Exercise: Without including any picture, write out the entries exactly as they stand.

::: Records to use

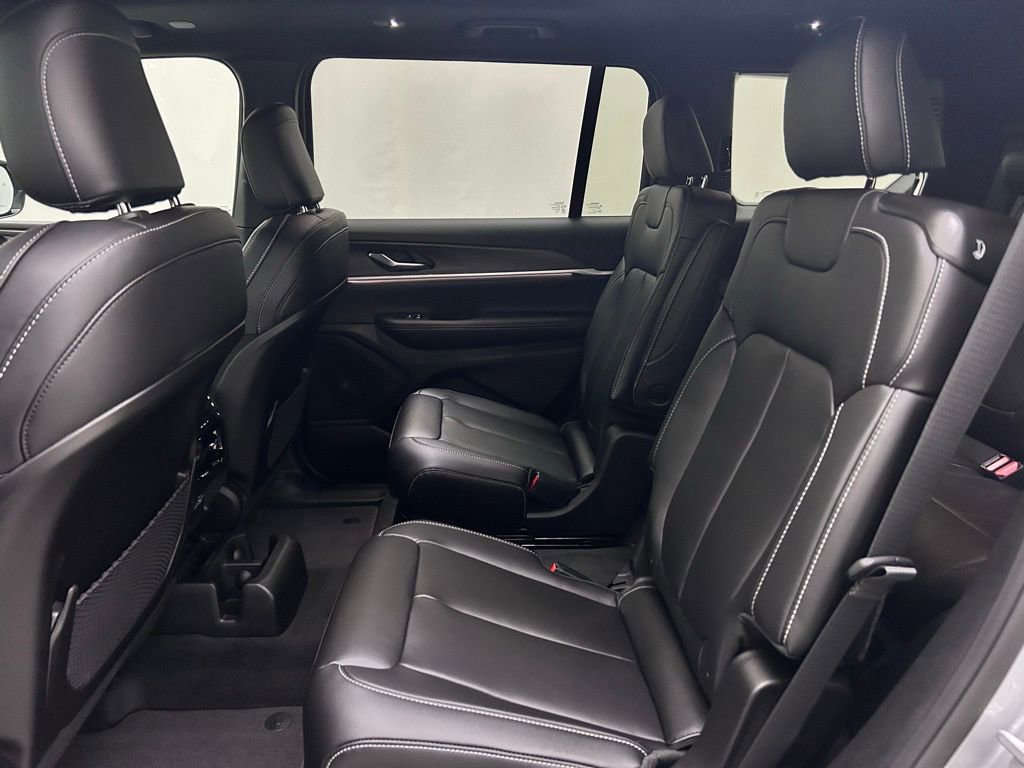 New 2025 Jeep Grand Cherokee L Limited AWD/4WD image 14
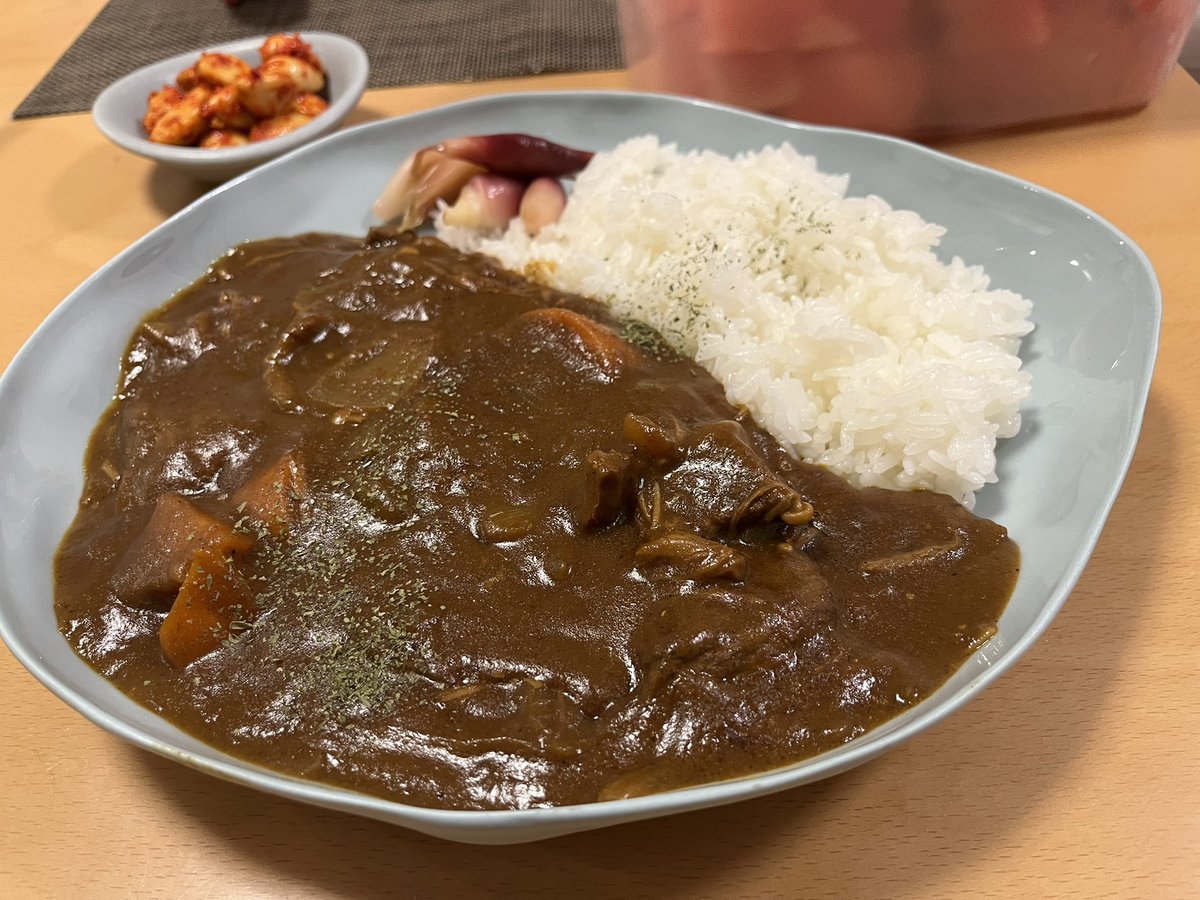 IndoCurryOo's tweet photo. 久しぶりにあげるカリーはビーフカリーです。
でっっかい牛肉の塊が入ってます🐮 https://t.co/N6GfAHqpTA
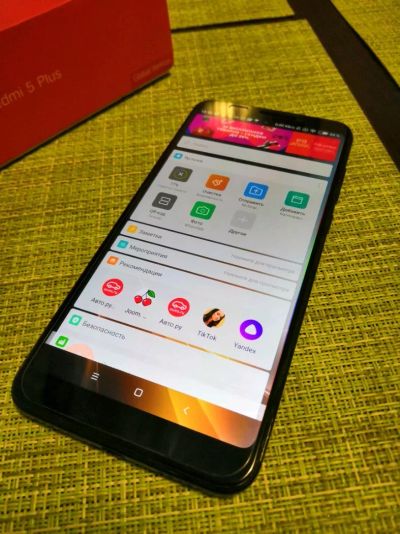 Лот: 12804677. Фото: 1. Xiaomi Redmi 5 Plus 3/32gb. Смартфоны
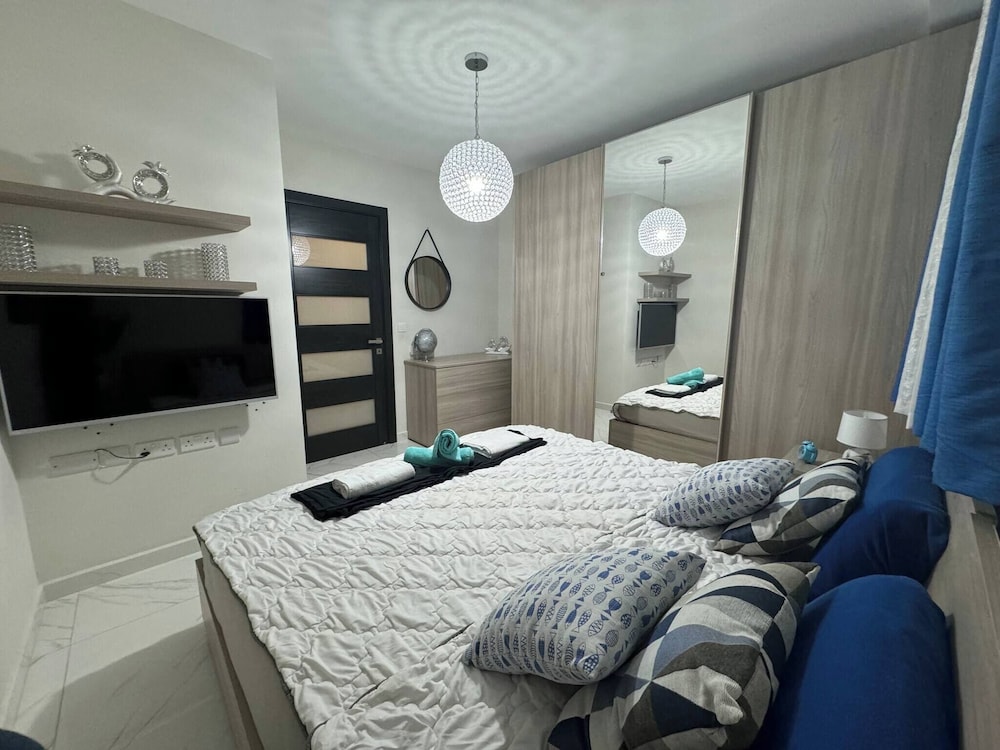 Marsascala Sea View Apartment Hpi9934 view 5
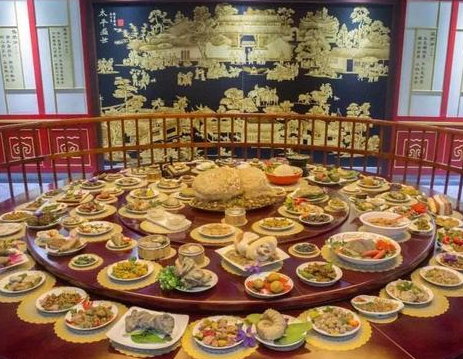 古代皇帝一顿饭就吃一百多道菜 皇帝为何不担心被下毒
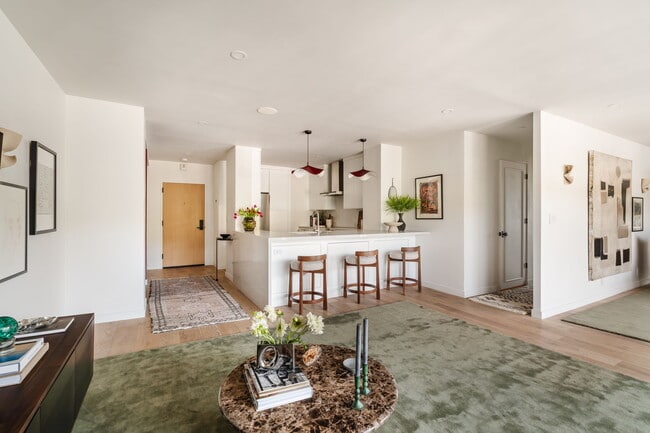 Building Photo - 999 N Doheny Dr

::::::

Result for this task:
 New 2025 Jeep Grand Cherokee L Limited AWD/4WD image 14
 IndoCurryOo's tweet photo. 久しぶりにあげるカリーはビーフカリーです。
でっっかい牛肉の塊が入ってます🐮 https://t.co/N6GfAHqpTA
 Лот: 12804677. Фото: 1. Xiaomi Redmi 5 Plus 3/32gb. Смартфоны
 Marsascala Sea View Apartment Hpi9934 view 5
 古代皇帝一顿饭就吃一百多道菜 皇帝为何不担心被下毒
 Building Photo - 999 N Doheny Dr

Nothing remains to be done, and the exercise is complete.